As you can see, "is a" is two words but because they are less or equal to five characters, they build their own sentence. Whilst 1234567899 is more than 5 characters, it should not be broken as it is one word.

Thanks..
 

Erel

B4X founder
Staff member
Licensed User
Longtime User
B4X:
Sub BreakStringInEqualLength(Text As String, RowLen As Int) As String
   Dim sb As StringBuilder
   sb.Initialize
   Dim CurrentRow As Int
   For Each s As String In Regex.Split(" ", Text)
       If CurrentRow > 0 And CurrentRow + s.Length > RowLen Then
           sb.Append(CRLF)
           CurrentRow = 0
       Else if CurrentRow > 0 Then
           sb.Append(" ")
           CurrentRow = CurrentRow + 1
       End If
       sb.Append(s)
       CurrentRow = CurrentRow + s.Length
   Next
   Return sb.ToString
End Sub

This code works for simple cases where you only split based on spaces. For a real solution the parsing code will be a bit more complicated, you should use Regex.Matcher to actually find the next separator and then handle both the "word" and the specific separator.
 
Upvote 0

Derek Johnson

Active Member
Licensed User
Longtime User
Just tested this in B4A, and if your replace split expression in Erel's code with this it works with one or more whitespace characters.

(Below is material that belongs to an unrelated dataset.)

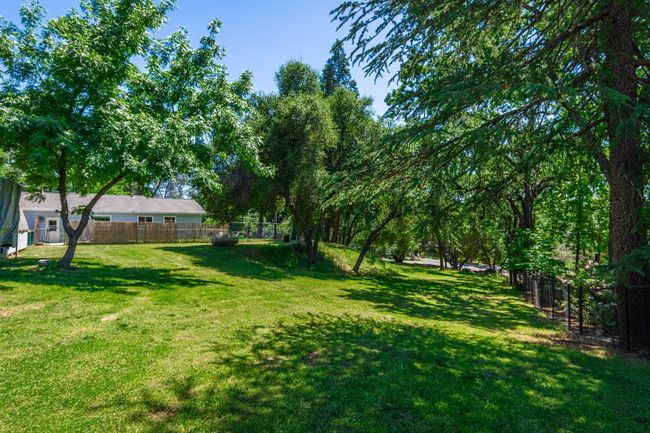 581 Crestview Dr, House other with 4 bedrooms, 1 bathrooms and null parking in Diamond Springs CA | Image 48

NB This my be different in B4J!

B4X:
  For Each s As String In Regex.Split("\s+", Text)

Derek
 
Upvote 0

KMatle

Expert
Licensed User
Longtime User
because they are less or equal to five characters, they build their own sentence.

"is a" is less or equel to five chars (= 4)
"is" is less or equel to five chars (= 2)
"a" is less or equel to five chars (= 1)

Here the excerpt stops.